Something that is highly underrated, and almost forgotten amongst the everyday stress and routines, are late night memorial walks. Learn to appreciate the beauty of the city you live in, on – if not an every day- than at least a weekly basis.
When you live in a city like D.C, it’s easy to forget the beauty and calmness of a simple thing as memorial walking. You see the monuments and memorials almost every day, going to and from work, but when do you really take the time to appreciate them?

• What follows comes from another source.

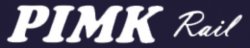 PIMK Rail E.a.d. logo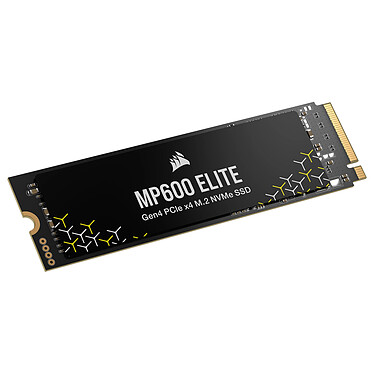 Nota Corsair MP600 ELITE 4Tb .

I’ve lived in the outskirts of D.C since January this year. I’m originally from Sweden and moved here to study. One of my favorite things to do used to be taking the metro to the National Mall and visit the monuments after sunset. My friends and I could walk around for hours just looking at the gorgeous illuminated monuments and memorials. I haven’t done that for a while now, and I ask myself why? It’s not because of the government shutdown, although that didn’t really help, or being too busy with school and work. It’s because I’ve lived here for almost a year, and nothing is really “new” anymore. It is so easy to forget the little things in your everyday life that makes the biggest difference. So take my advice, it doesn’t matter if you’ve lived here all your life or just moved here a year ago, it’s still worth remembering.
Our memorial walk takes about two hours, if you don’t want to rush through it, so wear good shoes and don’t forget to take pictures!

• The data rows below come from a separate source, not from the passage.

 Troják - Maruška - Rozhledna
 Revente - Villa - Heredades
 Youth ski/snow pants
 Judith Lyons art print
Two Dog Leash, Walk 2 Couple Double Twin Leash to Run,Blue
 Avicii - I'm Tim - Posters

Get off at the Smithsonian metro stop and see the Washington Monument, walk around it to the World War II memorial, an exceptionally beautiful memorial at night with the fountains all lit up. The next stop is the memorial for the 56 Signers of the Declaration of Independence, a small memorial on a little “island” in the Constitution Gardens pond. This is a memorial that many forget, but could easily be one of the best spots in D.C. Next up is Lincoln Memorial and the reflecting pond, which is also even more breathtaking at night.
Martin Luther King Jr Memorial is the fifth stop on this walk. It’s located in the northwest corner of the Tidal Basin and includes a 450 feet long inscription wall with some of MLK’s quotes.

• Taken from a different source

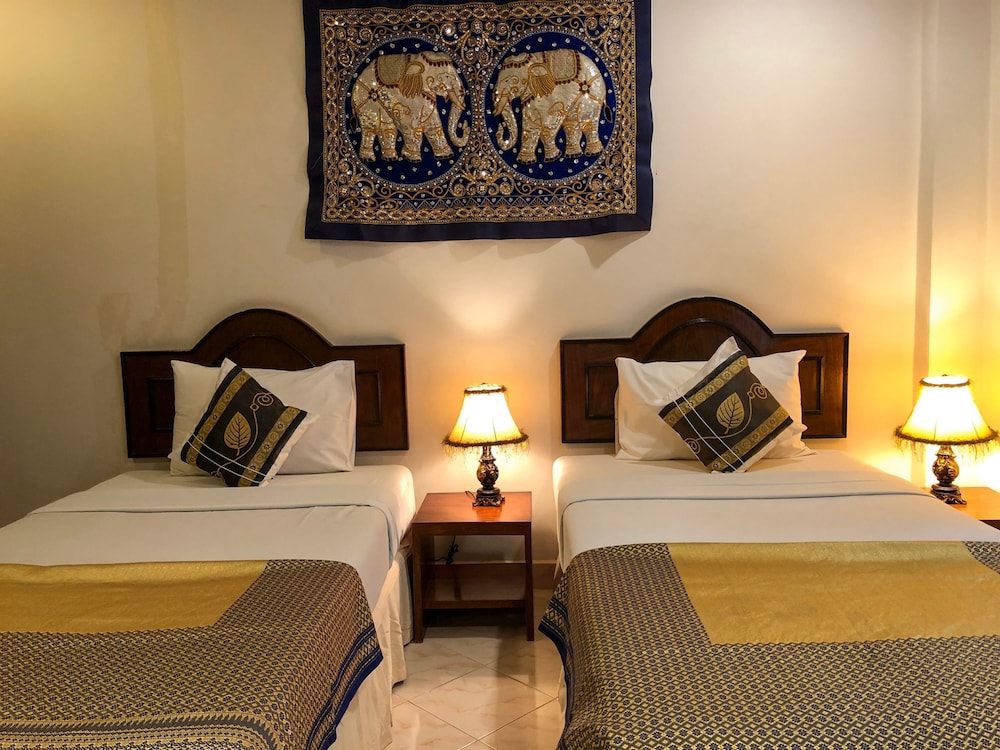 Superior Twin Room - Photo 1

Stop number six is the Franklin Delano Roosevelt Memorial, a memorial that is spread over 7.5 acres along Tidal Basin, where you walk through a sequence of four outdoor rooms that represent each of FDR’s terms of office.
The last and final stop is the Thomas Jefferson Memorial, which is always the one that’s least crowded in my opinion. Sit down at the edge of the water and just take in the atmosphere; it’s usually very quiet and peaceful. Safe to say, this is my favorite spot in D.C.
If you haven’t been on this walk at night, in my opinion, you have missed the heart of D.C. So what are you waiting for?